This year’s Black History Month theme, African Americans and Labor, reflects on the significant role that the hard work of Black Americans has had in building the foundations of the country and its infrastructure and in shaping the America we know today.
The theme also highlights the diverse ways labor intersects with the collective experience of Black people.
On this week’s “In Focus SoCal,” host Tanya McRae looks at how one nonprofit organization is empowering Black business owners and entrepreneurs to thrive and succeed.
Meisha Carter and her husband started their cleaning service company in the 1990s, but it got put on the back burner for about a decade while they bought and flipped homes. With the help of the Southern California Black Chamber of Commerce, the couple received encouragement to restart it.
“With the resources that we were given by the Black Chamber, they just showed us how to do our website, make sure everything was in order, our banking, our name, our logo,” said Carter.

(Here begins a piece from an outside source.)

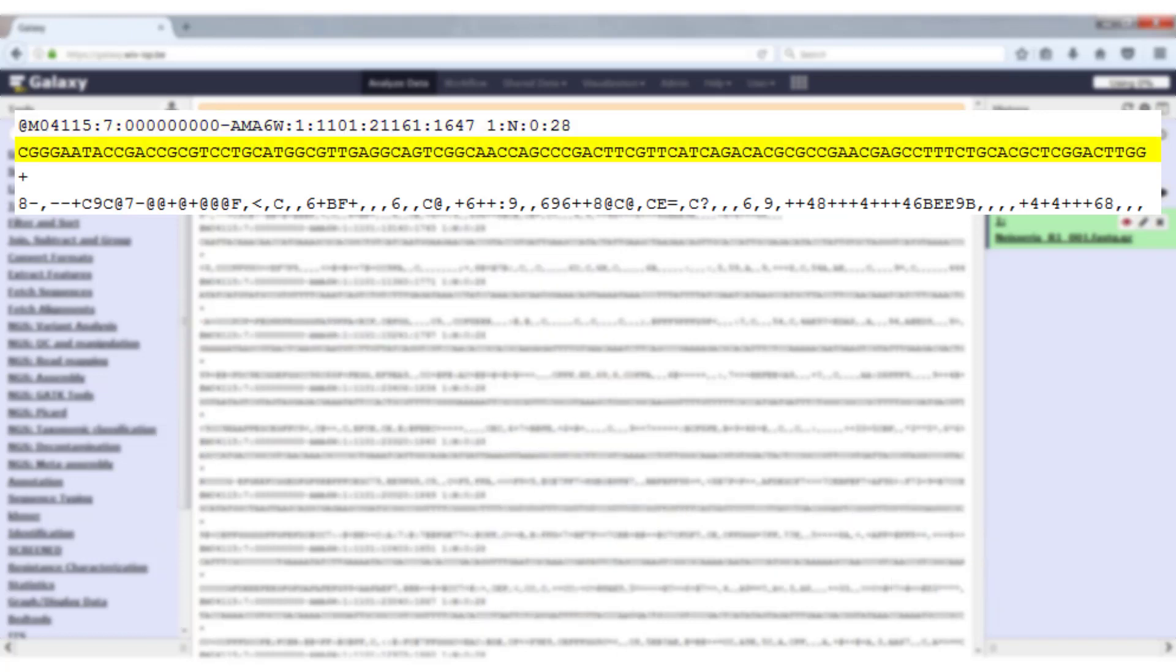In the second line we find the raw sequence. This is a sequence that was called by the sequencer regardless of the quality of the read.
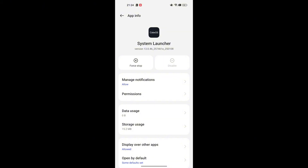Keep in mind, this will wipe all app data, so if it's an app you use regularly, you might lose some settings or cache data. Also, some phones might hide this option under the 3-dot menu at the top, so check there if you don't see it right away.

The Southern California Black Chamber of Commerce has 15 chapters, with over 300,000 members. It has supported over 5,000 businesses and offers networking opportunities, workshops, seminars and business development programs.
Sharifah Hardie is the president of the Long Beach chapter and has had a successful career in business, marketing and technology.
“I’m passionate about helping Black businesses because when you look at any list that matters, from home ownership to business ownership to land ownership, even to marriage and generational wealth, Black people come at the bottom of that list,” said Hardie. “So it’s my goal to connect business owners to the resources that they need to change their lives and their lives of generations to come.”
Also on this week’s show is Assemblymember Isaac Bryan, vice chair of the California Legislative Black Caucus. After the Palisades and Eaton fires broke out in January, Bryan introduced two new bills.
One bill proposes a one-year rent freeze across Los Angeles County, and another aims to raise the hourly wage for incarcerated firefighters to match the lowest wage for non-incarcerated firefighters in the state.
Bryan spoke about how the wildfires were not a partisan issue.
President Donald Trump in January threatened to withhold federal disaster aid for LA unless California leaders changed the state’s approach to its management of water.
“California taxpayers, red, blue and independent, pay $83 billion more in federal taxes than we get back. We subsidize many places around the country and we have always stepped up when there’s a hurricane in Florida or a hurricane that rocks Louisiana or a tornado ravages through Texas and surrounding states. We are there for you,” said Bryan. “And when California experiences a crisis like we’ve never seen, what has occurred here in the Los Angeles region, all we are asking for is the same kind of disaster support than we have been given to others.”
Brandon Lamar, president of the Pasadena chapter of the NAACP, also joined McRae for Black History Month.
He discusses ongoing efforts to help families displaced by the Eaton Fire and the need to make sure those families can rebuild back in Altadena.
“It’s important that we stay here because, especially in that community of Altadena that has burned up, predominantly African American families’ homes are actually gone. And this was generational homes that were passed down through generations, in a time, in a place where Altadena was a space where only African Americans could buy homes,” said Lamar. “We’re trying to keep that momentum going so that families can actually rebuild inside of their communities.”